- Task item:
The span to copy runs from the line containing "Kleine LED plafondlamp" to the last line below. Copy it exactly, with nothing else.

- Data block:
_____
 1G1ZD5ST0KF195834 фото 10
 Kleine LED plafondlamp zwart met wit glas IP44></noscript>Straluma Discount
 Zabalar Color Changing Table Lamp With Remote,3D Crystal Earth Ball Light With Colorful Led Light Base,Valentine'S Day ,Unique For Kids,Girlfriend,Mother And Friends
_____
- Answer below:
 Kleine LED plafondlamp zwart met wit glas IP44></noscript>Straluma Discount
 Zabalar Color Changing Table Lamp With Remote,3D Crystal Earth Ball Light With Colorful Led Light Base,Valentine'S Day ,Unique For Kids,Girlfriend,Mother And Friends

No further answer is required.